# What the task requires
Begin the copy at the line containing "Yamaha Racing Hoodie" in the data below and end it at the line containing "BABY born Emma", keeping each line exact and leaving out pictures.

# Data listing

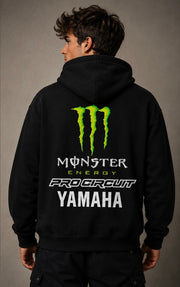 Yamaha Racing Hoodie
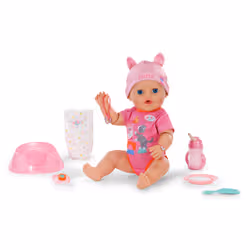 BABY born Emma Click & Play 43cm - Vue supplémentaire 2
...
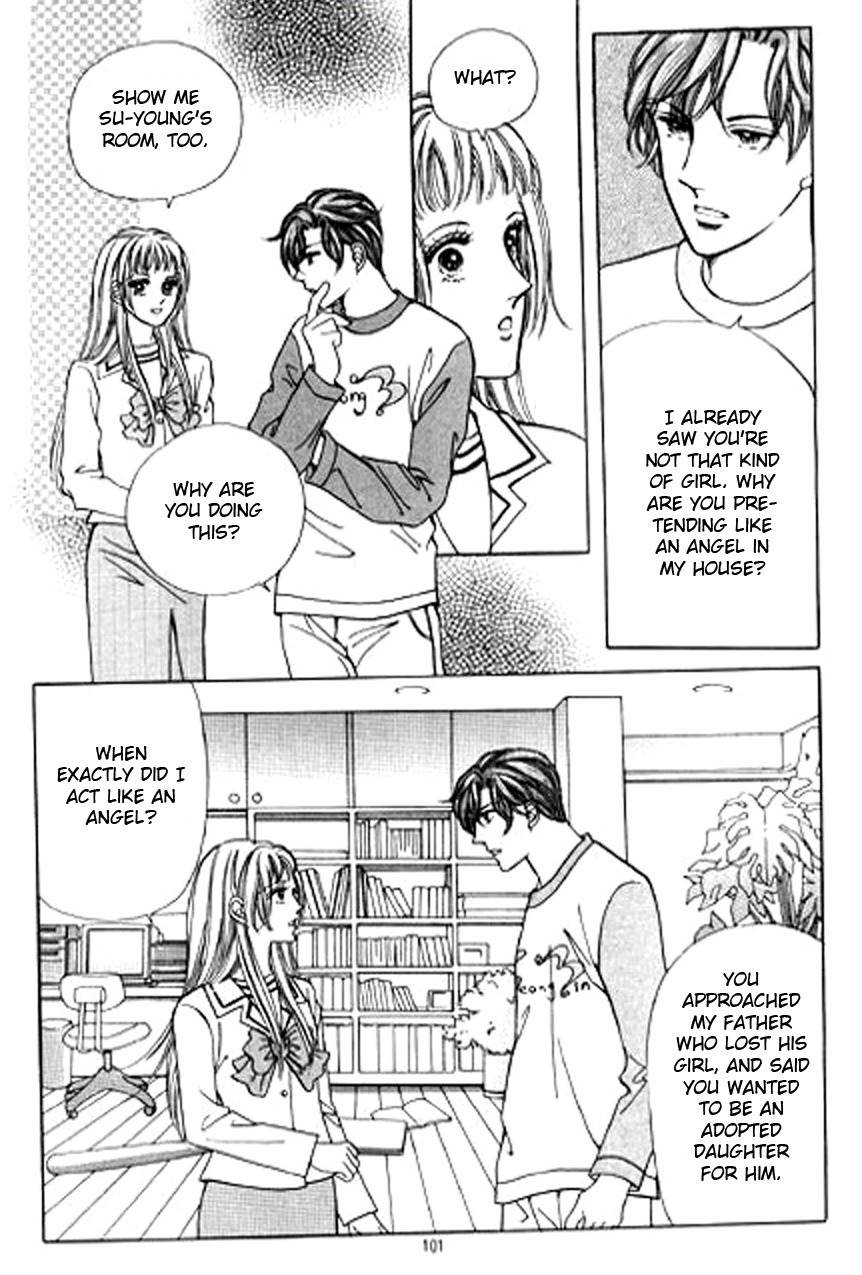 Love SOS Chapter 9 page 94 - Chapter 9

# Completed task
 Yamaha Racing Hoodie
 BABY born Emma Click & Play 43cm - Vue supplémentaire 2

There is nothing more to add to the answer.